▸ **Try it**
From the material below, reproduce exactly the stretch of lines that begins with the line holding "T-shirt Donald Trump" and ends with the line holding "Shirt mit Allover-Dessin", skipping the pictures.

▸ **Supplied data**
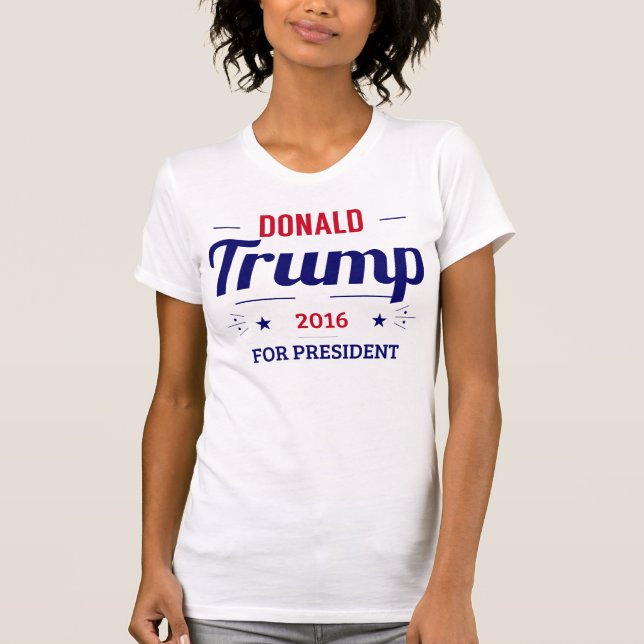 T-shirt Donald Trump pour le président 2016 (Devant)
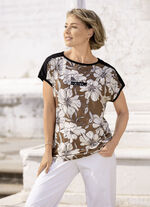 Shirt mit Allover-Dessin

* * *

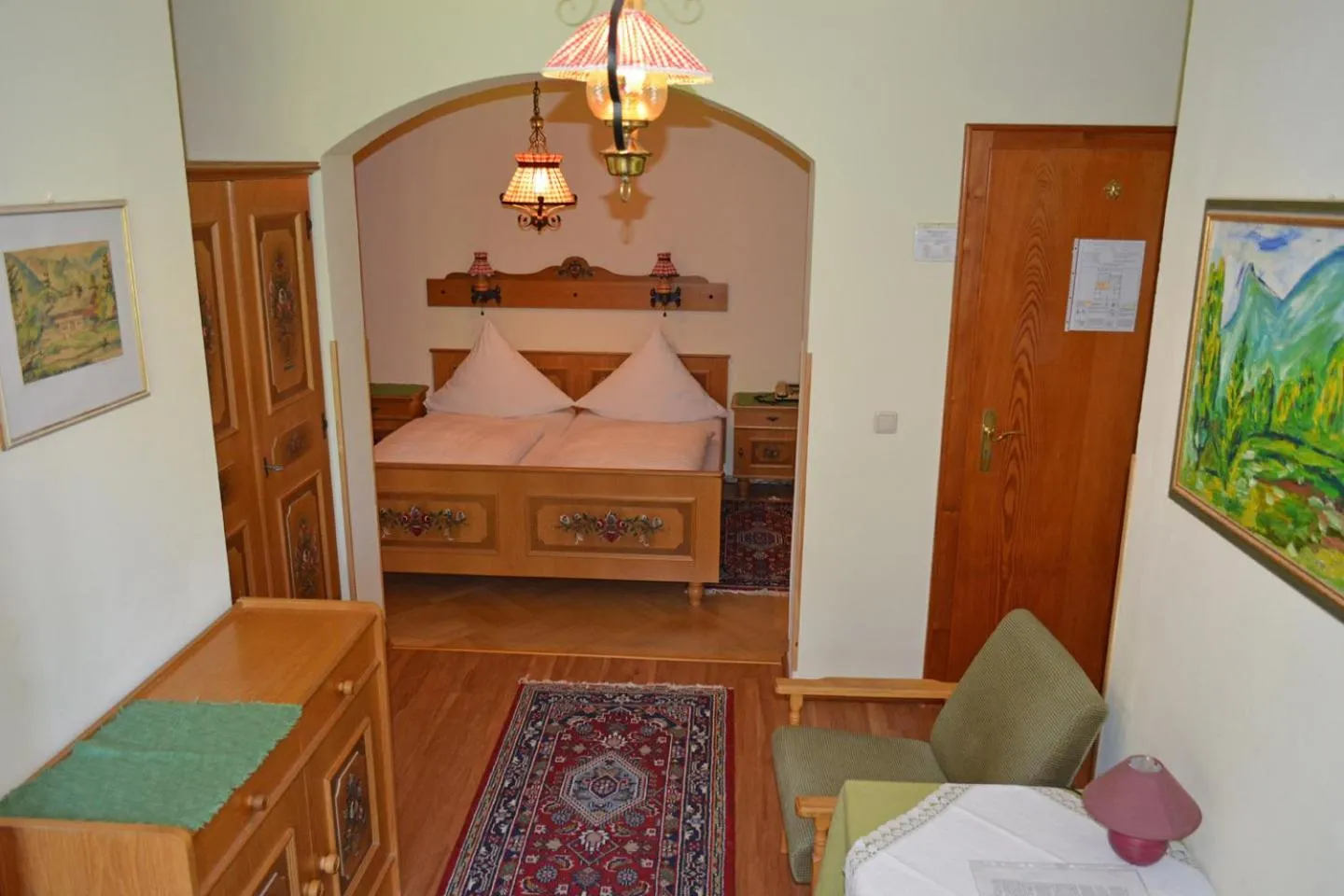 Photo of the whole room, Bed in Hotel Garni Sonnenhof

* * *

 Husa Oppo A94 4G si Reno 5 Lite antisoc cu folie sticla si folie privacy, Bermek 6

▸ **Response box**
 T-shirt Donald Trump pour le président 2016 (Devant)
 Shirt mit Allover-Dessin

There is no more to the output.